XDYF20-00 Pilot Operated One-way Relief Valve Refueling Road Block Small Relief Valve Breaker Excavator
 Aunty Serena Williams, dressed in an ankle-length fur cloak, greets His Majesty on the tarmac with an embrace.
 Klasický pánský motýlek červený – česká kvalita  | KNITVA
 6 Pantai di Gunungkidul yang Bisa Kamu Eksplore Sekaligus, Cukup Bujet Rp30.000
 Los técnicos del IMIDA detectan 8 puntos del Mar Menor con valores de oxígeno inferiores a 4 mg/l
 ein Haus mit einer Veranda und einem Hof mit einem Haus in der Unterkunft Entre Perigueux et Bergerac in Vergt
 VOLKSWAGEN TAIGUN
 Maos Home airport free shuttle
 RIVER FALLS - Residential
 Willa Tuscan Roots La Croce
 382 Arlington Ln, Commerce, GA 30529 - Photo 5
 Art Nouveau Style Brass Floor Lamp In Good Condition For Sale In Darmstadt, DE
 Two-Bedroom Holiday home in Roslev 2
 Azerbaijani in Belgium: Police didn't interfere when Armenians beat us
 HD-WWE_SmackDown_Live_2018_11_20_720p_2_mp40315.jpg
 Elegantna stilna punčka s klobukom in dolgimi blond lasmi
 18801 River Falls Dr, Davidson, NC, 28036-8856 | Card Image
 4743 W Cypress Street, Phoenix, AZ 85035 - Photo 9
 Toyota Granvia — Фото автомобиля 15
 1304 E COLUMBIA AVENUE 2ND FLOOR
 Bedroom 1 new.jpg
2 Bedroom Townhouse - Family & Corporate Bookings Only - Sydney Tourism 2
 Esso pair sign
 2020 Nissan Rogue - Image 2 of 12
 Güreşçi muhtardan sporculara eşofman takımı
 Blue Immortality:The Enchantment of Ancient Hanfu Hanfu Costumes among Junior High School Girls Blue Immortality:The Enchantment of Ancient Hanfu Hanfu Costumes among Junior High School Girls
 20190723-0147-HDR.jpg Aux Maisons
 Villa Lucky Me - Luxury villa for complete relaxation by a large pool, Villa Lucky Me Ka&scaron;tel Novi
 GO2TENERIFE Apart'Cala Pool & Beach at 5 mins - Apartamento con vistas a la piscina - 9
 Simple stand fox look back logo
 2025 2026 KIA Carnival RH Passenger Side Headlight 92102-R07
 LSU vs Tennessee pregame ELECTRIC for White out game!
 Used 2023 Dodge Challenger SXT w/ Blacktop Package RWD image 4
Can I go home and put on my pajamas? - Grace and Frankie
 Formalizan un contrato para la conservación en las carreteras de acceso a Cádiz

——————————

• **Exercise requirements**
Print, exactly as written, the first line of the records above and each line after it until the line with "Los técnicos del", which is printed too.

• **The completed task**
XDYF20-00 Pilot Operated One-way Relief Valve Refueling Road Block Small Relief Valve Breaker Excavator
 Aunty Serena Williams, dressed in an ankle-length fur cloak, greets His Majesty on the tarmac with an embrace.
 Klasický pánský motýlek červený – česká kvalita  | KNITVA
 6 Pantai di Gunungkidul yang Bisa Kamu Eksplore Sekaligus, Cukup Bujet Rp30.000
 Los técnicos del IMIDA detectan 8 puntos del Mar Menor con valores de oxígeno inferiores a 4 mg/l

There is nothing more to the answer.